This Old Machine: Re-purposing an Engraver as a 3D Printer

I recently acquired an interlab robotics engraver from the mid 1990s. It consists of a Cartesian gantry style robot, an electronics enclosure and a Monorail 7245 computer. It has been in storage for almost 20 years and while it all still powers up ok, the engraving bits and the floppies the program was on have disappeared, and would cost too much to replace and update relative to the expected lifespan and utility of the unit at this point.
I have decided to re-purpose this old machine as a 3D printer, starting sometime after this year's nationals.



I took the covers off and cleaned the accumulated dust and grime off the guides and lead screws.



You can see from the photo the X and Y axis are relatively sturdy.
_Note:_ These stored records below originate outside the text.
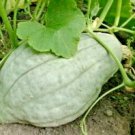 30 Blue Hubbard Winter Squash Seedsnative Vegetable Sweet Potato Taste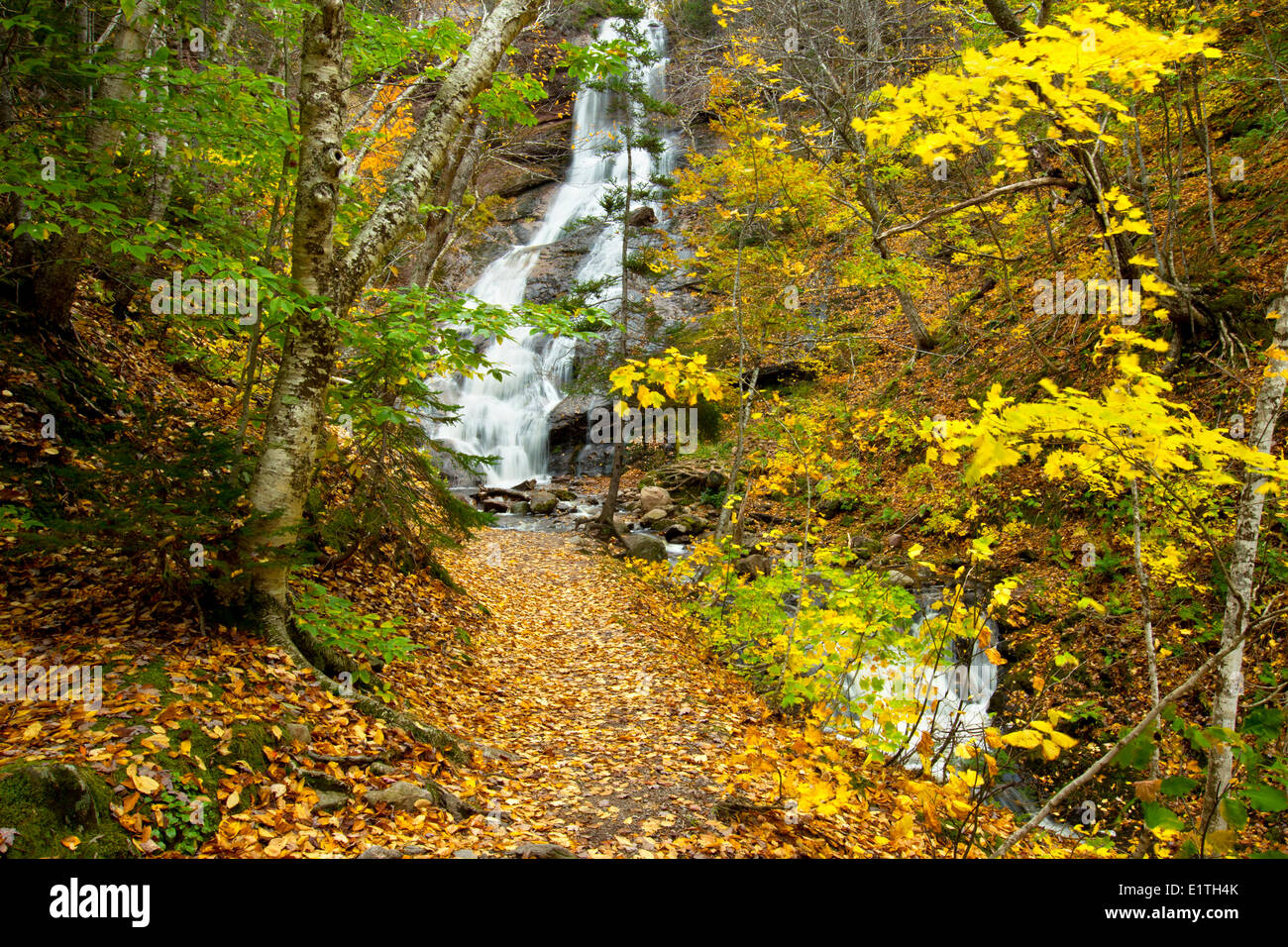 Beulach Ban fällt, Cape Breton Highlands National Park, Cape Breton, Nova Scotia, Kanada Stockfoto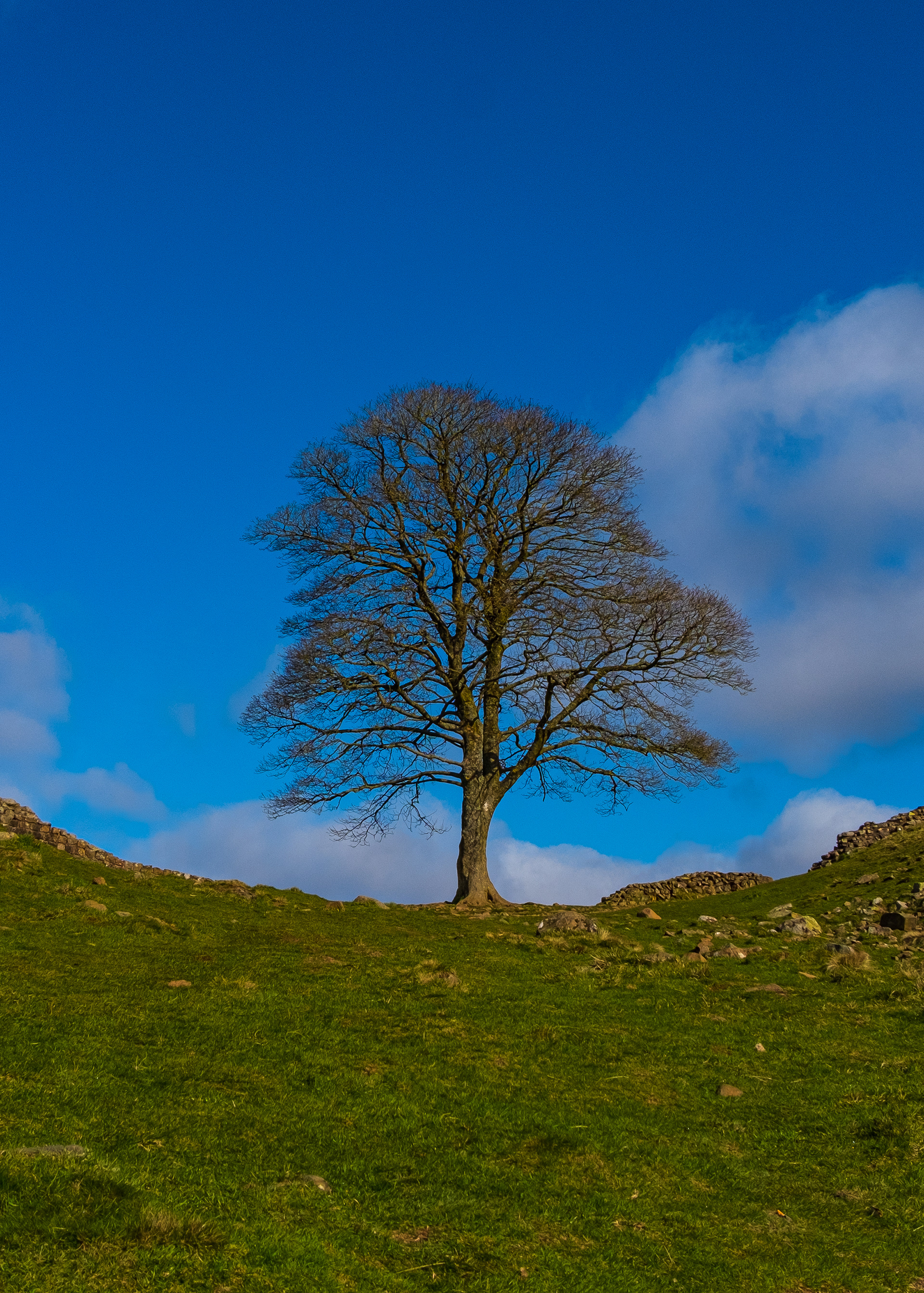 Sycamore Gap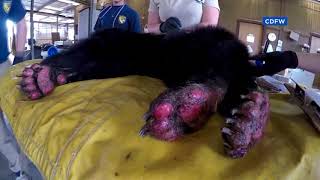 Bear burned in Carr Fire undergoes unique therapy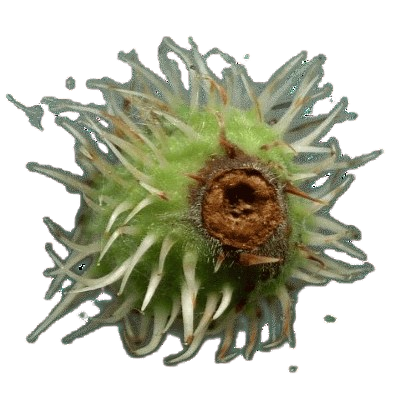 img344e-removebg-preview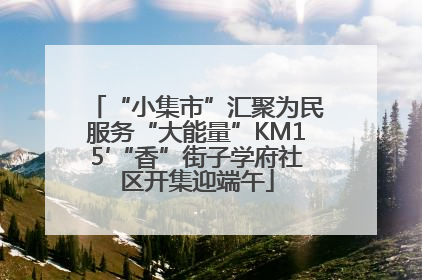 “小集市”汇聚为民服务“大能量”KM15′“香”街子学府社区开集迎端午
Not sturdy enough for conversion to a mill IMO though. The X and Y leadscrews are multi-start with anti-backlash nuts and will not reverse drive. X and Y motors are NEMA23 1.8 degree 6 wire steppers with 5.4 Volts /1.5A rating stamped on the end, Z motor is 6V / 1.2A rating.

Removing the two aluminum rails and the black beams from the center of the machine will increase the room available for Z axis travel from about 1.2 inches to a more useful 5.4 inches of clearance. The Z axis will need a longer lead screw and rails to make this work. There is enough travel available and room to mount and reach all parts of a standard sized heated plate with a dual extruder, so the final work envelope will be around 200 mm x 200 mm x 100 mm. Big enough for battleship work, but not huge.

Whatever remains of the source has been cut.